1. The application of a substance for detecting the degree of methylation of the TL1A gene promoter in the preparation of diagnostic or auxiliary diagnostic products for liver cirrhosis; The TL1A gene promoter was selected from the subject's blood; the TL1A gene promoter is in a hypomethylated state in patients with cirrhosis; The liver cirrhosis diagnostic or auxiliary diagnostic products are products used to monitor or predict the progression of chronic hepatitis B patients to hepatitis B-related liver cirrhosis. The substance is a detection kit, which includes at least a methylation-specific primer pair targeting the TL1A promoter of the target gene and a Taqman fluorescent probe; The specific sequence is as follows: TL1A upstream primer: 5'ATTTAGTTAGGACGTATATAGGTG 3'; TL1A downstream primer: 5'TTTACCAATTTAACAAACCCGAA 3'; TL1A-Taqman fluorescent probe: 5' CTAAAACCCAAAACAACAAACTCC 3'.

2. The application as described in claim 1, characterized in that, The substance described is used to detect the methylation level of the TL1A gene using a real-time quantitative methylation-specific PCR detection method.

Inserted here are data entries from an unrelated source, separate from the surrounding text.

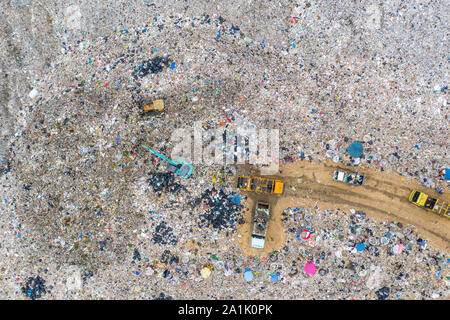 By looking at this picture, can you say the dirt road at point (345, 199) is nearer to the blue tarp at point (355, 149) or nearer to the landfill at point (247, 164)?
the landfill at point (247, 164)

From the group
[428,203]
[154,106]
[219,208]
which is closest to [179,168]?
[219,208]

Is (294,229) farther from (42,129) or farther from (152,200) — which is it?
(42,129)

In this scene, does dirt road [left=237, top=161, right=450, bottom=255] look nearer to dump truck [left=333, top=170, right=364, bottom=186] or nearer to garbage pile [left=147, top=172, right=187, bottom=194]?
dump truck [left=333, top=170, right=364, bottom=186]

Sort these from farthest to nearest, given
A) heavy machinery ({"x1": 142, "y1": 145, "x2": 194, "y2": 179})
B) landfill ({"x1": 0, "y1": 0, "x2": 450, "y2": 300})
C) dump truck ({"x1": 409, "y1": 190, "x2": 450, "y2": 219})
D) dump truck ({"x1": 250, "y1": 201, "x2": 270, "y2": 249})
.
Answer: landfill ({"x1": 0, "y1": 0, "x2": 450, "y2": 300})
heavy machinery ({"x1": 142, "y1": 145, "x2": 194, "y2": 179})
dump truck ({"x1": 250, "y1": 201, "x2": 270, "y2": 249})
dump truck ({"x1": 409, "y1": 190, "x2": 450, "y2": 219})

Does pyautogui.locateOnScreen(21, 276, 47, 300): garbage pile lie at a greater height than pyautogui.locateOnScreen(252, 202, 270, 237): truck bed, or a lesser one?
lesser

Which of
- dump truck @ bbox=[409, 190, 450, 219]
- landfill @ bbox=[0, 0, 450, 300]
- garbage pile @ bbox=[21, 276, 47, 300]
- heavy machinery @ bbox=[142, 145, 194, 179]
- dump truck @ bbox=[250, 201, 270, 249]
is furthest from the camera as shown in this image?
garbage pile @ bbox=[21, 276, 47, 300]

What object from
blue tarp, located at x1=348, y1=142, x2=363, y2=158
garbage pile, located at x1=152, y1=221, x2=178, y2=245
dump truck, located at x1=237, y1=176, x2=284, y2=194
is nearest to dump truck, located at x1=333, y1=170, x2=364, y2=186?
blue tarp, located at x1=348, y1=142, x2=363, y2=158

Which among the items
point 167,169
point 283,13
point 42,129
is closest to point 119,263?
point 167,169

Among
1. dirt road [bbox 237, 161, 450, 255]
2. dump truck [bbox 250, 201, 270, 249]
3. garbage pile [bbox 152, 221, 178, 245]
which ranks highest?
dirt road [bbox 237, 161, 450, 255] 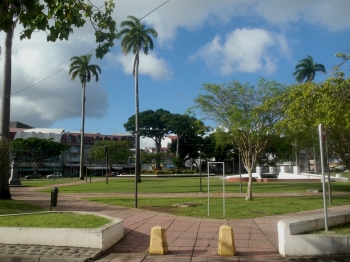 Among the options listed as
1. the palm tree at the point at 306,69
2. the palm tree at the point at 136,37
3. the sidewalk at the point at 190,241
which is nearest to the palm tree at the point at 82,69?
the palm tree at the point at 136,37

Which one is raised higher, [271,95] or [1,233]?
[271,95]

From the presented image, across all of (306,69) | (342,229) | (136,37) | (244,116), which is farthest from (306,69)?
(342,229)

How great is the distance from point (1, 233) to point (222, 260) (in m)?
5.11

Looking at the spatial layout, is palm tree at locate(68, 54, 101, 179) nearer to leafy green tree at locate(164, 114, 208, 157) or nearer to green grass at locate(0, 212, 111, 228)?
leafy green tree at locate(164, 114, 208, 157)

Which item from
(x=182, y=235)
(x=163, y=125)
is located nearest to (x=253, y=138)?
(x=182, y=235)

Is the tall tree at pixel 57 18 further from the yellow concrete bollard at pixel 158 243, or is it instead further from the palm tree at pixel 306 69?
the palm tree at pixel 306 69

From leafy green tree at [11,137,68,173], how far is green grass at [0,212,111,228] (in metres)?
60.8

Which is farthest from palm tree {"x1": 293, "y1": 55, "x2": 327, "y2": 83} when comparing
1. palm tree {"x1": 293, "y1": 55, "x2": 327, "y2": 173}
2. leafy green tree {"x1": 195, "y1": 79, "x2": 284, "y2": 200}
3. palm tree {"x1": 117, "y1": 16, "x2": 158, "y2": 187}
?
leafy green tree {"x1": 195, "y1": 79, "x2": 284, "y2": 200}

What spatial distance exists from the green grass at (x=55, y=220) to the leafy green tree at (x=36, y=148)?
60.8m

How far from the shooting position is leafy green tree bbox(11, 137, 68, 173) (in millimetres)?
68500

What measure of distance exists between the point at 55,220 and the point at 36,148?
212ft

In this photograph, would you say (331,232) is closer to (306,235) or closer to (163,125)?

3. The application as described in claim 1, characterized in that, The TL1A-Taqman fluorescent probe has a fluorescent group at the 5' end and a quenching group at the 3' end.

4. The application as described in claim 1, characterized in that, The detection kit includes specific primer pairs for the internal reference gene and a Taqman fluorescent probe.

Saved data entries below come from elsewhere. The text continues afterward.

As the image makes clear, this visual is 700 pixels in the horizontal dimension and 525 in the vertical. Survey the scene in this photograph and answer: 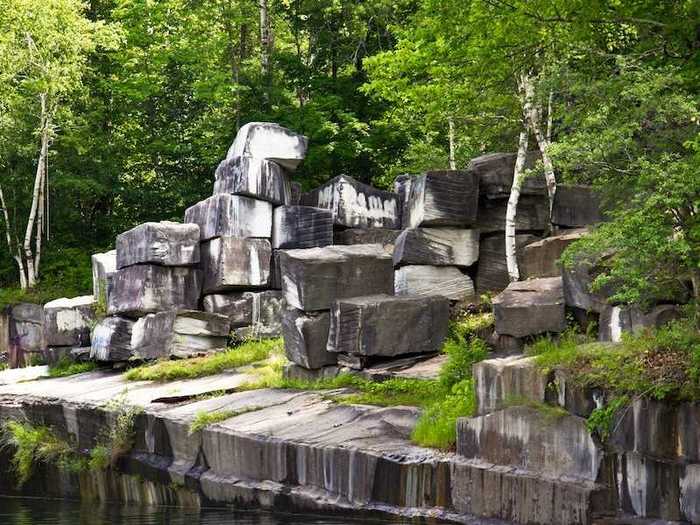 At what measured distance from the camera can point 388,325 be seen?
1745 centimetres

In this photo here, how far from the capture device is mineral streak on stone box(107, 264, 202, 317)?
23.1 meters

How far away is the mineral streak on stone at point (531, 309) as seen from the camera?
51.0ft

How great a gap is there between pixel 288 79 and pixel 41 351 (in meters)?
10.6

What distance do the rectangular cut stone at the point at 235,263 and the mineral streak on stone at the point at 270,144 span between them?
1778 millimetres

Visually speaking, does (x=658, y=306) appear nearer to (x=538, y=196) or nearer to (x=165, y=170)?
(x=538, y=196)

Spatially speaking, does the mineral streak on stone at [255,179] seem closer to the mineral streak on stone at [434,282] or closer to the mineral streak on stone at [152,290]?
the mineral streak on stone at [152,290]

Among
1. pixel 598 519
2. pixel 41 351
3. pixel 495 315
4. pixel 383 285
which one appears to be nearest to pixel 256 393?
pixel 383 285

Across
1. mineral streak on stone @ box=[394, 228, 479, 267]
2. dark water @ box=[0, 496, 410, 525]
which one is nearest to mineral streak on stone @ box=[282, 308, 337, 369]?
mineral streak on stone @ box=[394, 228, 479, 267]

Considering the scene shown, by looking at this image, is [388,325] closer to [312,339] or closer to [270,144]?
[312,339]

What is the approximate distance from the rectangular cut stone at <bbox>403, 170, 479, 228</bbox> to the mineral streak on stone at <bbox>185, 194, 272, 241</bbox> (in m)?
4.87

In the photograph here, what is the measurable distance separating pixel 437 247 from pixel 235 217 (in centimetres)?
548

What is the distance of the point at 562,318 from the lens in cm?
1546

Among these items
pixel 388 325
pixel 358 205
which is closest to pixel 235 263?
pixel 358 205

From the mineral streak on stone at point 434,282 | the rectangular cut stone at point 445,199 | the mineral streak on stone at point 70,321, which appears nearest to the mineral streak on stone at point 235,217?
the mineral streak on stone at point 70,321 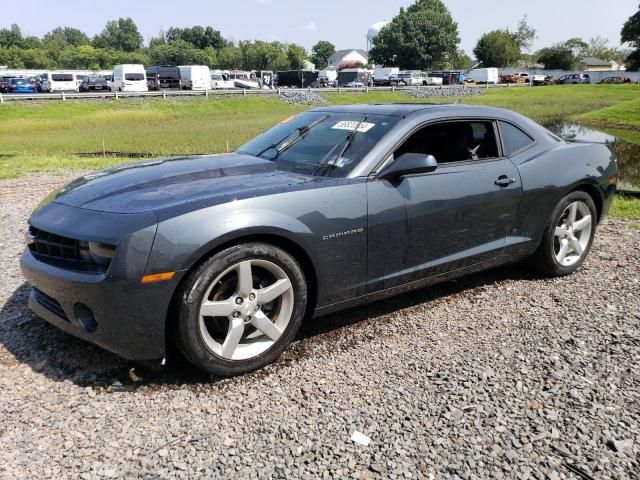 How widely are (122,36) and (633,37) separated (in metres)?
140

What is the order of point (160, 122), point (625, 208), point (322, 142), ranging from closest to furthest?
point (322, 142) → point (625, 208) → point (160, 122)

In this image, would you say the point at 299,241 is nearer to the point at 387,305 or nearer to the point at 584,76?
the point at 387,305

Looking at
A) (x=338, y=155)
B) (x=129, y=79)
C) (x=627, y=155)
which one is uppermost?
(x=129, y=79)

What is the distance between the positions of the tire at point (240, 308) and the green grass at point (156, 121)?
29.5 feet

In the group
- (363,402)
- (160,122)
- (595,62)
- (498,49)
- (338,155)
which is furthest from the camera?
(595,62)

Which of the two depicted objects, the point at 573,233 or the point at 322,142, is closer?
the point at 322,142

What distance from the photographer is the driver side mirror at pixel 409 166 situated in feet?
11.9

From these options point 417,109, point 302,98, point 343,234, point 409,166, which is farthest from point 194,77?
point 343,234

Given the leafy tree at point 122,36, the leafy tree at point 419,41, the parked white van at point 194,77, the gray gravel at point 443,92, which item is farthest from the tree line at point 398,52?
the parked white van at point 194,77

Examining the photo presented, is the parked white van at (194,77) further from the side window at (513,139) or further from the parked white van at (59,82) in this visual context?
the side window at (513,139)

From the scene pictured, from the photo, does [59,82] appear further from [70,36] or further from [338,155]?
[70,36]

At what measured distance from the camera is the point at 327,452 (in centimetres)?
262

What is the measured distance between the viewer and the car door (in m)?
3.68

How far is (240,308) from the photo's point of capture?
3178 millimetres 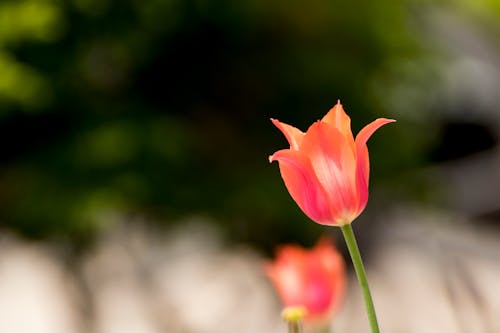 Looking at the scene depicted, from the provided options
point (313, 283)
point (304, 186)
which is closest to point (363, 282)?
point (304, 186)

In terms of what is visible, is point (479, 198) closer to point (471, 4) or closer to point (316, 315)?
point (471, 4)

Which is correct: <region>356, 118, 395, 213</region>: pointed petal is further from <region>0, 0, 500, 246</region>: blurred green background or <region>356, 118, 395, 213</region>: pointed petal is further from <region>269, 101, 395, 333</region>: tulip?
<region>0, 0, 500, 246</region>: blurred green background

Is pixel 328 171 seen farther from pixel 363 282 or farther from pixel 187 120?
pixel 187 120

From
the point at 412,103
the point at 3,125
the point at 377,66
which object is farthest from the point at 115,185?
the point at 412,103

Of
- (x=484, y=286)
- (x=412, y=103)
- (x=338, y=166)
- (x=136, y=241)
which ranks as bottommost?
(x=338, y=166)

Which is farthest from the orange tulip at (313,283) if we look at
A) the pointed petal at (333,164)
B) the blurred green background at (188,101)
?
the blurred green background at (188,101)

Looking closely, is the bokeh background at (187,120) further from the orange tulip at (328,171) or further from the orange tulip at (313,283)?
the orange tulip at (328,171) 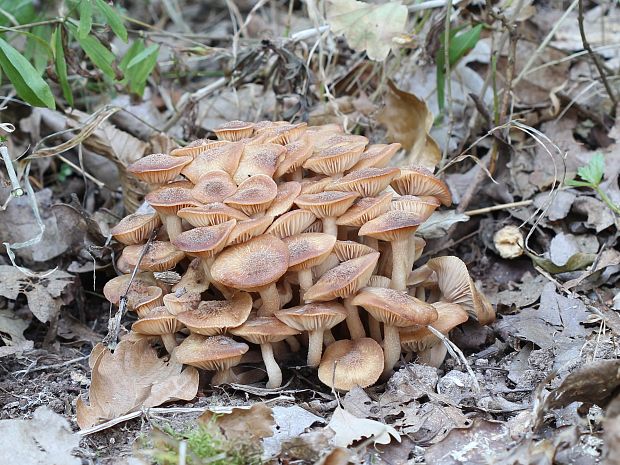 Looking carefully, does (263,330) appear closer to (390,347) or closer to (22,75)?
(390,347)

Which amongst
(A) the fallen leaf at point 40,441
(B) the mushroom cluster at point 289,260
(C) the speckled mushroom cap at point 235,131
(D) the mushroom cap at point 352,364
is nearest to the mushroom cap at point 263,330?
(B) the mushroom cluster at point 289,260

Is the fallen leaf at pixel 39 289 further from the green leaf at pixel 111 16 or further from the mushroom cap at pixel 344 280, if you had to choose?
the mushroom cap at pixel 344 280

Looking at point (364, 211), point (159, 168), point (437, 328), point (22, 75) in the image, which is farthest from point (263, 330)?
point (22, 75)

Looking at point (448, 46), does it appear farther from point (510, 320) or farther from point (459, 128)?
point (510, 320)

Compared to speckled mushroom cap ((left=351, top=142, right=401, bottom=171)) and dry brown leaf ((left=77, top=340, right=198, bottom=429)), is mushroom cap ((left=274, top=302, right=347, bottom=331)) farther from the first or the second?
speckled mushroom cap ((left=351, top=142, right=401, bottom=171))

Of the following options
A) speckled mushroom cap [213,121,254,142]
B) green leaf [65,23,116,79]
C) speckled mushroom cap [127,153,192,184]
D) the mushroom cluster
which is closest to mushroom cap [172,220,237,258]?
the mushroom cluster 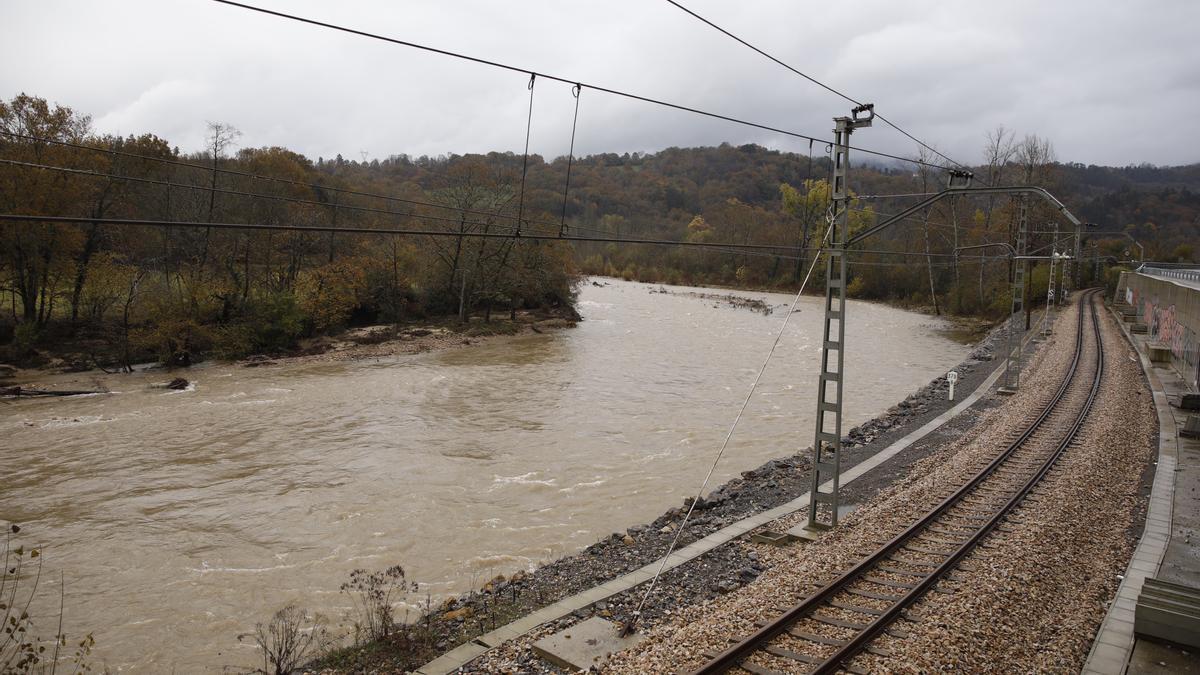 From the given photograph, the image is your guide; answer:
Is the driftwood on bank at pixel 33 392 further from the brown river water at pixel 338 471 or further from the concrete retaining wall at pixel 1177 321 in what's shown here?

5. The application as described in claim 4, characterized in that, The internal reference gene is GPADH; The specific sequences of the internal reference gene-specific primer pair and the Taqman fluorescent probe are as follows: GPADH upstream primer: 5'TGGTGATGGAGGAGGTTTAGTAAGT 3'; GPADH downstream primer: 5'AACCAATAAAACCTACTCCTCCCTTAAA 3'; GPADH-Taqman fluorescent probe: 5'ACCACCACCCAACACACAATAACAAACACA'.

6. The application as described in claim 5, characterized in that, The GPADH-Taqman fluorescent probe has a fluorescent group at the 5' end and a quenching group at the 3' end.

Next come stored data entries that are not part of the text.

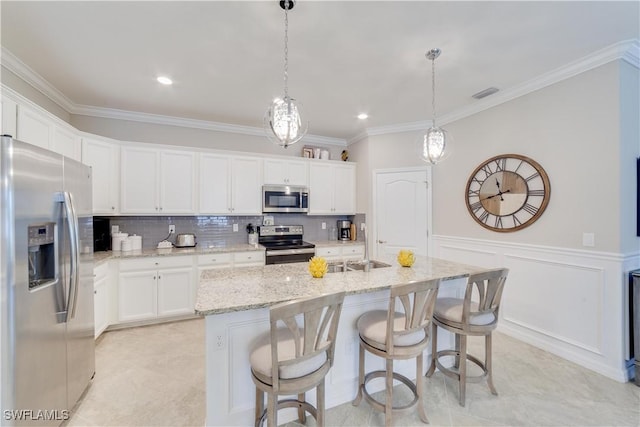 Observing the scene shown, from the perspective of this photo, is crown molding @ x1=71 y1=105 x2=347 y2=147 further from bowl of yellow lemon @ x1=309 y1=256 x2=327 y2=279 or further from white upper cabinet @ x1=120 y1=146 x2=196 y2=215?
bowl of yellow lemon @ x1=309 y1=256 x2=327 y2=279

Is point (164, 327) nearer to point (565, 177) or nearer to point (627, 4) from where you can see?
point (565, 177)

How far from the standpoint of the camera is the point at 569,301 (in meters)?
2.66

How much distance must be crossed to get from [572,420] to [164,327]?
4053mm

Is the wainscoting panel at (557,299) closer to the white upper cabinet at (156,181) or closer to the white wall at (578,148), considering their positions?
the white wall at (578,148)

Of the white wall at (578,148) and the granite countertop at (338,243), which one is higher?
the white wall at (578,148)

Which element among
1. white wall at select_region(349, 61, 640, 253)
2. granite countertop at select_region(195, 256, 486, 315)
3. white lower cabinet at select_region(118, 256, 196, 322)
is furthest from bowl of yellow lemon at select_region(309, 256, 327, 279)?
white wall at select_region(349, 61, 640, 253)

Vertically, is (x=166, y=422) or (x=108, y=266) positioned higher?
(x=108, y=266)

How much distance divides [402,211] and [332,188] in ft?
4.16

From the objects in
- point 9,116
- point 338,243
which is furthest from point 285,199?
point 9,116

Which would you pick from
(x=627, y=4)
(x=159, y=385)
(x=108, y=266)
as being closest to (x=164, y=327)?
(x=108, y=266)

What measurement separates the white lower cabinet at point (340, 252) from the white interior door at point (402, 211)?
325 millimetres

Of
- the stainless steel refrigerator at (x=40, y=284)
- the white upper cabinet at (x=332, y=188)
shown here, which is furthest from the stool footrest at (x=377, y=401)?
the white upper cabinet at (x=332, y=188)

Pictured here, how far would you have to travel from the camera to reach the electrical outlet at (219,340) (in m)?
1.61

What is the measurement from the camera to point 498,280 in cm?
201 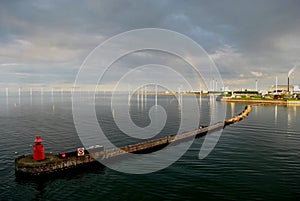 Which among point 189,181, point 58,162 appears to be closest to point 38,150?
point 58,162

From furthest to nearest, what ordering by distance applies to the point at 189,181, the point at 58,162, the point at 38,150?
the point at 58,162
the point at 38,150
the point at 189,181

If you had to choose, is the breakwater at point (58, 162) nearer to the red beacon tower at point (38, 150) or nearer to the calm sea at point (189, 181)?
the red beacon tower at point (38, 150)

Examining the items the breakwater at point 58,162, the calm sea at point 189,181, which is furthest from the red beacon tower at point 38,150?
the calm sea at point 189,181

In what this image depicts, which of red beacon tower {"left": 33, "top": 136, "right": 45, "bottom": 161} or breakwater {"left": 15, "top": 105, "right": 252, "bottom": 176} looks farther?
red beacon tower {"left": 33, "top": 136, "right": 45, "bottom": 161}

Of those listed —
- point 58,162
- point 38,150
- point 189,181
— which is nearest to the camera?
point 189,181

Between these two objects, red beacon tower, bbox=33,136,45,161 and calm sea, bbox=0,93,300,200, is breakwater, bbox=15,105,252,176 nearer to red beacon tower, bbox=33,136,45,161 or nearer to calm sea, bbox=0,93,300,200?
red beacon tower, bbox=33,136,45,161

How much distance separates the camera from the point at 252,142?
47469mm

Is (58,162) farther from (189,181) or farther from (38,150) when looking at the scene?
(189,181)

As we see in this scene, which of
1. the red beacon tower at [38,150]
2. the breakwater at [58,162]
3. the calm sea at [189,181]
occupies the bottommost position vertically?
the calm sea at [189,181]

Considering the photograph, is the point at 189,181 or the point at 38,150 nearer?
the point at 189,181

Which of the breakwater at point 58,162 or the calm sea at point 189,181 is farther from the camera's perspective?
the breakwater at point 58,162

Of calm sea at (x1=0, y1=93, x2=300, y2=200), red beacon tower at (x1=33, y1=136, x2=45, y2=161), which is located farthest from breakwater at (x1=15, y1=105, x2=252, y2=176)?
calm sea at (x1=0, y1=93, x2=300, y2=200)

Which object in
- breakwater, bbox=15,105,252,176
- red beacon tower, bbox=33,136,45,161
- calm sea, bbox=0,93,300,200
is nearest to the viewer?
calm sea, bbox=0,93,300,200

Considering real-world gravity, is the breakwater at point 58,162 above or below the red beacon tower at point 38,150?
below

7. The application as described in claim 1, characterized in that, The test kit also includes a positive control and a negative control.

8. The application as described in claim 7, characterized in that, The positive control was 100% methylated human genomic DNA modified with bisulfite; The negative control was water.

9. The application as described in claim 8, characterized in that, The negative control was double-distilled water under high pressure.

10. The application as described in claim 1, characterized in that, The test kit also includes reagents for extracting genomic DNA from blood, reagents for modifying genomic DNA with bisulfite, and a premixed PCR reaction system.

11. The application as described in claim 10, characterized in that, The blood includes peripheral blood.